#### [Task statement]
An exact reproduction of the lines below, from the first through the one with "Toyota SIENTA 2015-11 8360992-6", is the whole answer; pictures have no place in it.

─── Records for this task ───

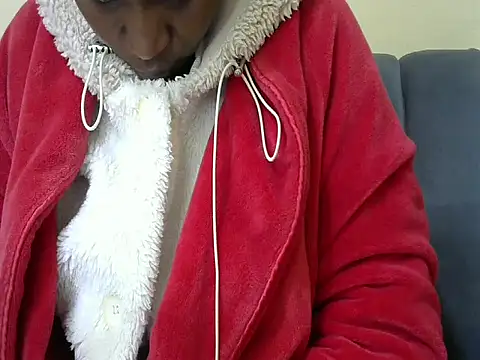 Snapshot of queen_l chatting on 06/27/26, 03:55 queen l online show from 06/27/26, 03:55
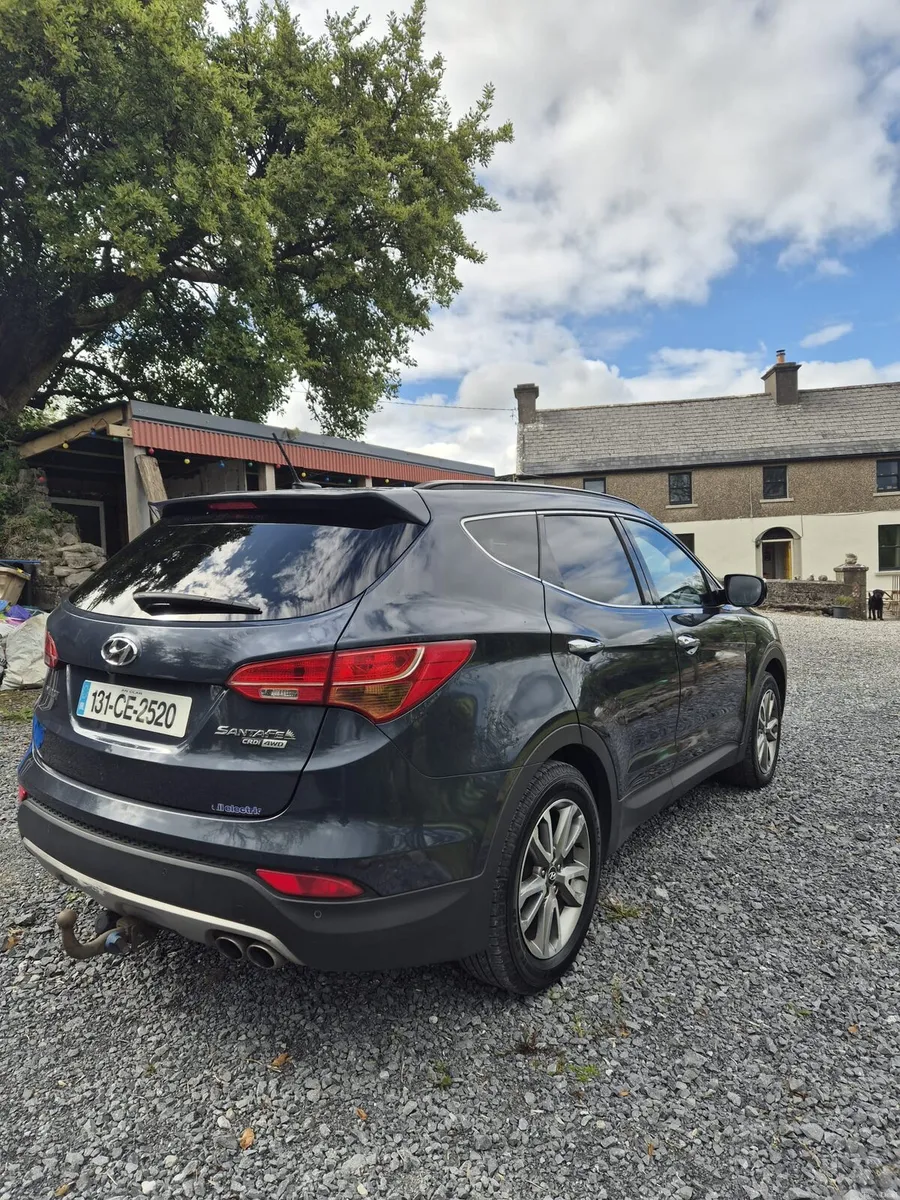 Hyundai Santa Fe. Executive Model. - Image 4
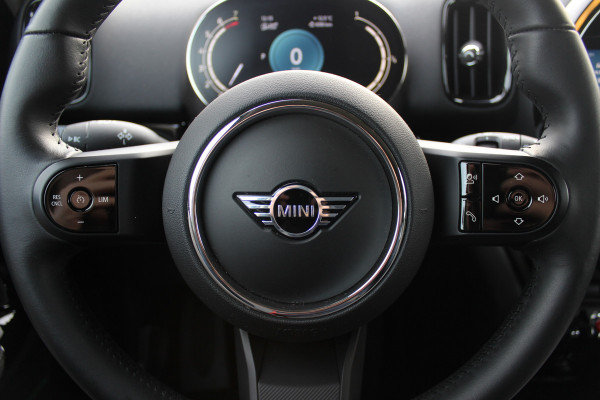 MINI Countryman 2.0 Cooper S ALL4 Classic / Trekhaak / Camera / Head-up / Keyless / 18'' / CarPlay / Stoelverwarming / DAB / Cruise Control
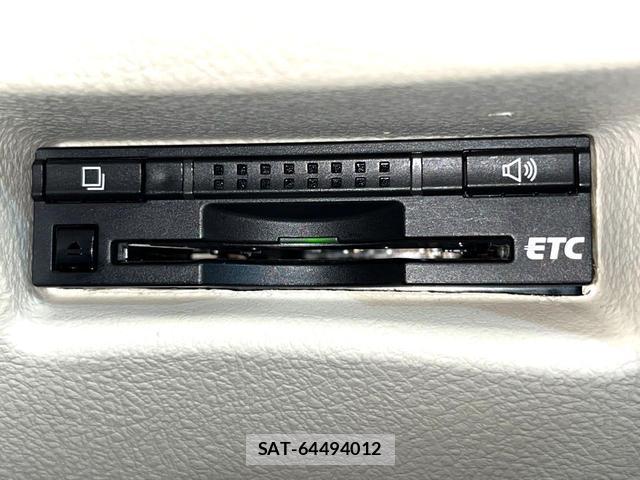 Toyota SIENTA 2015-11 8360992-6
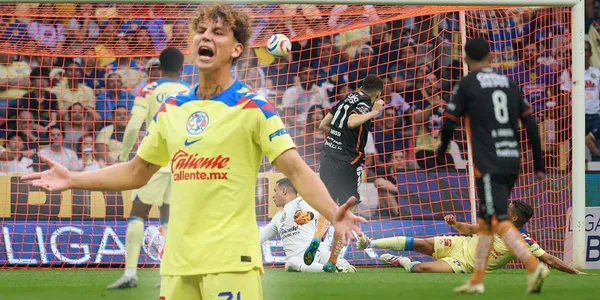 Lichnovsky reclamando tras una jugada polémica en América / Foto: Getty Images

───

#### [Response below]
 Snapshot of queen_l chatting on 06/27/26, 03:55 queen l online show from 06/27/26, 03:55
 Hyundai Santa Fe. Executive Model. - Image 4
 MINI Countryman 2.0 Cooper S ALL4 Classic / Trekhaak / Camera / Head-up / Keyless / 18'' / CarPlay / Stoelverwarming / DAB / Cruise Control
 Toyota SIENTA 2015-11 8360992-6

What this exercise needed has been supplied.